BACE (Build a Connection Everywhere) is the product line created by EVALAN to help anyone digitalize their assets and build state-of-the-art Internet of Things (IoT) applications quickly.
BACE has two highly integrated parts: the BACE gateway and the BACE Cloud, a PaaS (Platform as a Service) that provides four pillar services and combines several applications to help you build your IoT solution without having to worry about building and maintaining the underlying infrastructure.
The BACE PaaS as a private deployment
The standard BACE platform is hosted on a shared cloud resource with other tenants and EVALAN takes care of all operations related to the infrastructure, maintenance, scaling and security.
We are aware that companies in some industries need to follow specific privacy and security regulations. For them, we offer the flexibility to run a private instance of BACE platform under their own Microsoft Azure account. This provides them with full control of anything happening in the system, with our guarantee of:
- Smooth operations and a maintenance free data pipeline.
- Easy configurability when changes are needed, or devices/users need to be added.
- Optional operational services for keeping devices up to date and running.
More on Security
Because the security of an IoT deployment depends on the protection of all its components, we implement security from the design stage at device and cloud level and pay special attention to privacy.
Security at the Gateway level
1. Flash Encryption
First, during the assembly process, the BACE gateways are protected with flash encryption, which helps keep the data stored on the device safe from unauthorized access or tampering.

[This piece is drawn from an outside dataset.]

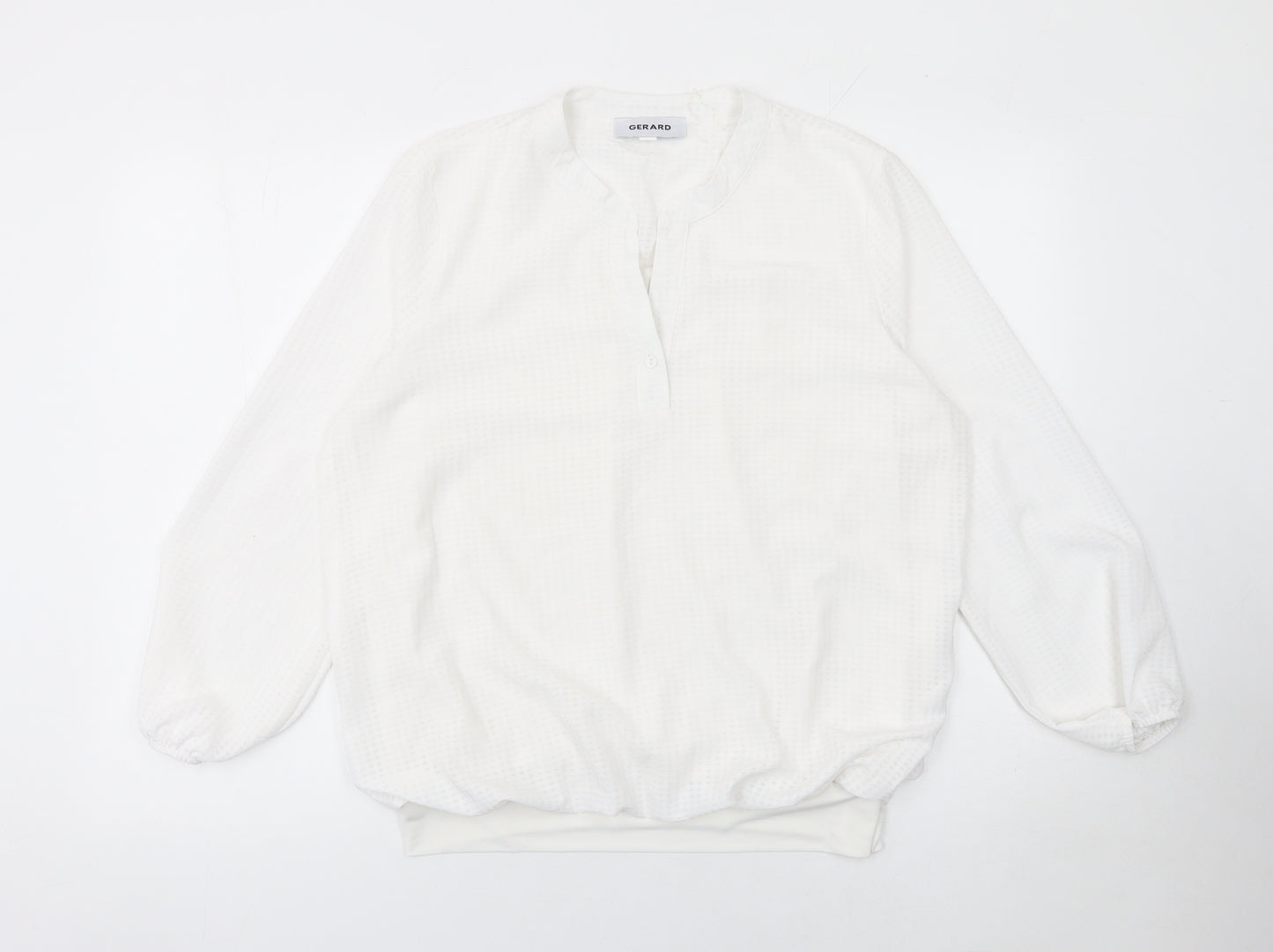 Gerard Women White Cotton Tunic Blouse Size 14 Long Sleeve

Each gateway has its own unique key for encrypting and decrypting stored data on the microcontroller, which cannot be accessed by any third party.
2. Firmware Encryption
Second, the firmware running on the gateway is also encrypted which makes it difficult for anyone to see how the firmware works or to access any sensitive information that it may hold.
3. Secure Boot
Third, to prevent malicious software or firmware from being installed on the device, the BACE gateways do secure boots. This feature prevents unauthorized firmware from running on a gateway manufactured by EVALAN, and hence helps to avert cyber-attacks and other security breaches.
4. Identity Certificate
Fourth, to connect with the BACE Cloud, each gateway includes a specific identity certificate which gets verified and authenticated every time a communication to the Cloud platform occurs. Furthermore, the communication between the device and Cloud is also encrypted.

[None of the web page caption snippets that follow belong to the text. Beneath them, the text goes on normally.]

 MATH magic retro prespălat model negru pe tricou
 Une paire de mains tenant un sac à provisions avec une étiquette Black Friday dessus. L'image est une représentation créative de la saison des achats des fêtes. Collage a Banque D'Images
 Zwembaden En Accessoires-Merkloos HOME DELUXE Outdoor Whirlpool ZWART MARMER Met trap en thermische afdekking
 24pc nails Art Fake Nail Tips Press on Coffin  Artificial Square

Related to the last point, is the fact that we also support encryption for wireless communication (e.g., Z-Wave and Wi-Fi) with third party devices that support it; this is especially needed when sending sensitive information, for example in healthcare.
Security at Cloud level
The security at the Cloud level is divided by design into several layers, including separate security for the data in transit and for the data in rest. For the former, when information is sent from one system to another, the information is encrypted following several protocols.

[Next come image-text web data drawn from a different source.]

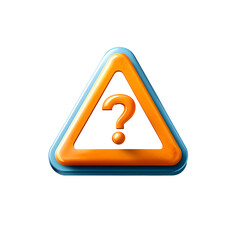 Poster - An orange and blue triangular shape containing a question mark symbol representing uncertainty curiosity and the search for information or solutions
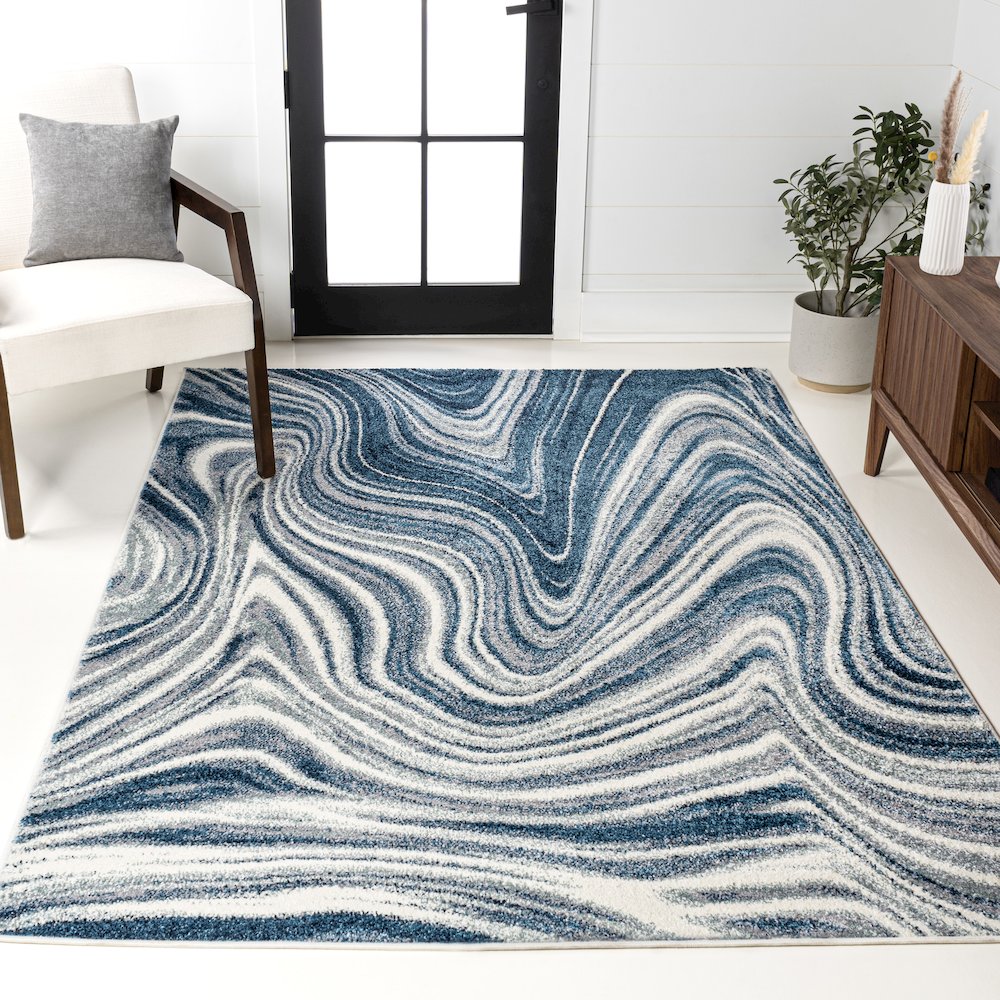Eleni Contemporary Glam Abstract Marble Area Rug. Picture 8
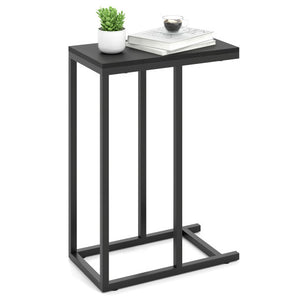 C-shaped Side Table with Heavy-duty Metal Frame-Black
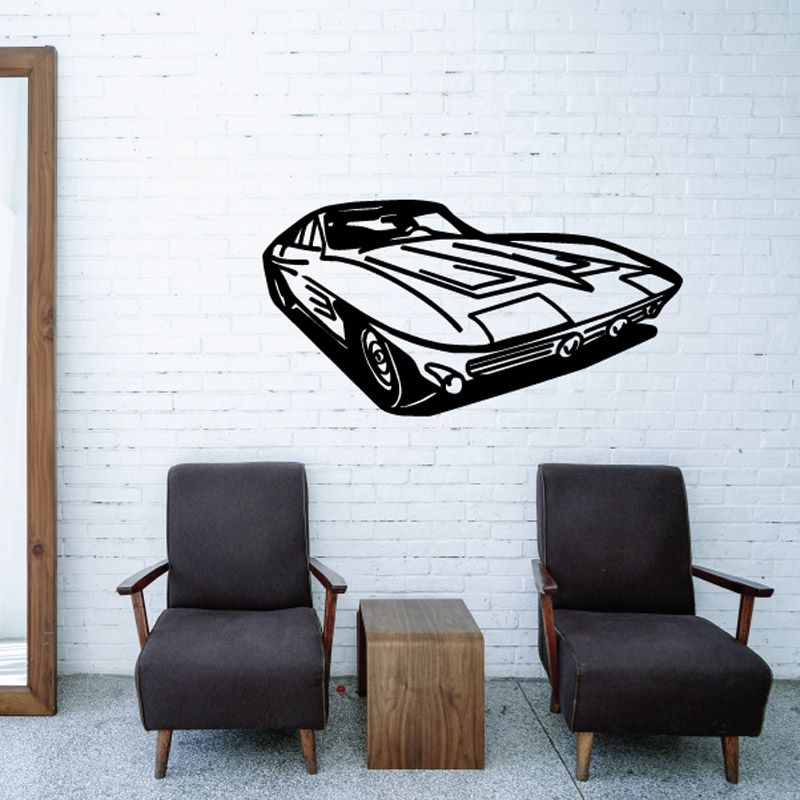 Chevrolet Corvette decal of classic sports car in black and white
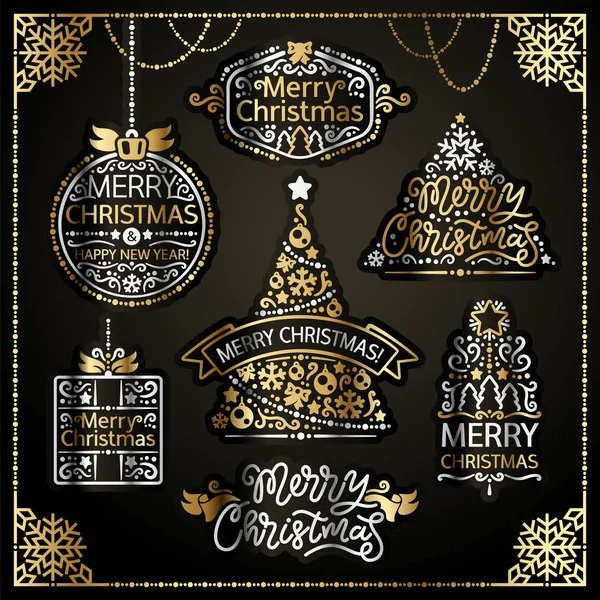 Merry Christmas Design Labels Golden Set — Stock Vector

For the latter, we implement secure passwords, roles and permissions, which means that access to data is done through accounts and granted based on roles and functionalities that specific users need. Furthermore, the information is isolated and kept in a private network.
In that sense, if a breach occurs, only data in transit is visible, thus limiting the attack surface.
Privacy by design
Finally, it is important to note that our systems always consider the sensitivity of data and do not store or send personal information. In that sense, we follow the subsequent principles to ensure privacy and compliance to the GDPR:
- Data minimization: we only collect the necessary amount of data for the service.
- Storage limitation: we offer automatic retention of data based on a custom retention period.
- Integrity and confidentiality: the data is stored securely and confidentially in our private databases.
- Transparency: EVALAN is open and clear about all security and privacy principles applied in its IoT solutions.